Collection Count tracks my DVD/Blu-ray collection via a number of statistics every week.
This week, I tip over 1,500 titles in my collection -- again. I barely noted it last time, but what I meant to do was compare it to this, a record of my DVD collection at 750 titles, four years and eight months ago. After the regular stats, then, there's a replica of that post with new stats.
Number of titles in collection: 1,501 [up 4]
Of which DVDs: 1,144 [up 2]
Of which Blu-rays: 357 [up 2]
Number of discs in collection: 3,743 [up 4]
Number of films in collection: 1,544 [up 6]
Number of TV episodes in collection: 5,689 [no change]
Number of short films in collection: 370 [no change]
So, as mentioned, here are those new numbers.
We begin with ones you know: that I now own 1,501 titles with a grand total of 3,743 discs. That's an average of 2.494 discs per title -- slightly higher than last time's 2.367, but not by much. Box sets and multiple-discs-for-single-films are only slightly more prevalent, then.
Last time I listed my eight largest individual sets. This time it will be nine, because there are three tied at seventh place; plus one drops out, so there's only two new ones here: the complete Lost on Blu-ray (36) and The Sopranos (30). The others remain Angel (30), Babylon 5 with Crusade and TV movies (41), The Bergman Collection (30), Buffy the Vampire Slayer (39), Farscape (42), The West Wing (44) and The X-Files (59). If we take eight of them (ignoring one of the three 30s), these 0.53% of my titles make up 8.58% of my discs -- it might sound a lot, but it's nothing like as big as last time.
A fairer way to look at it might be to again take the top 1%-ish of titles and see how many discs they contribute -- I imagine that's what I was going for last time, and why I did the top eight sets rather than ten. Last time that single percentile accounted for 17.5% of my discs; now it's 13.2%. Clearly I've not bought so many huge box sets in the past few years... though come Christmas the ginormous Harry Potter set will kick things up a little further.

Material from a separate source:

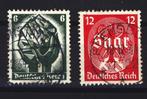 Deutsches Reich 1934 - nr 544 - 545, Postzegels en Munten, Postzegels | Europa | Duitsland, Duitse Keizerrijk, Verzenden, Gestempeld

What about the spread of decades -- do I own many films? Last time the largest part of my collection was the then-present '00s, at a massive 52%; now, it's 46.8%. It's nice that I've spread things around a bit more, but then since then we've changed decade -- the last three years are the '10s (obviously). They've already contributed 7.3%, which together with the '00s makes 54.1%... but that's covering 13 years, not last time's 10, so it's all a bit scruffy. Either way, the '00s are already in fifth place -- ahead are the '90s at 13.99% (formerly 20.6%), the '80s at 9.2% (formerly 10.2%), and the '70s at 7.9% (formerly 7%). It's interesting that the proportion of '70s films has grown as my collection doubled -- wouldn't've called that one.
I imagine some of the other slides are due to the '00s diluting the waters, and maybe earlier decades bulking up. The 1890s and 1900s weren't present last time, though they account for a grand total of 0.1998%; the '10s increase marginally, from 0.2% to 0.3%, while the '20s are more significant, up from 0.6% to 1.67%. The remaining decades all see their percentage share increase too: the '30s up to 1.87% (from 1.3%), the '40s to 2.07% (from 1.6%), the '50s to 2.47% (from 1.3%), and the '60s to 5.66% (from 5%). I guess this general spread of increases accounts for the drops elsewhere -- I've clearly bought primarily new releases and a lot of older titles, and not so many from the '90s and '80s. So there you have it.
I've at this point noted how arbitrary many of the remaining stats are -- even more so than those decades. Maybe that's why I skipped them last time.
I will take a look at the ever-popular running time, though. Last time that came to 118 days, 18 hours and 55 minutes. Now, it's 271 days, 23 hours and 41 minutes. the number of titles has (just over) doubled, but the running time has clearly much more than -- closer to two-and-a-half times as big, actually. Box sets, I guess.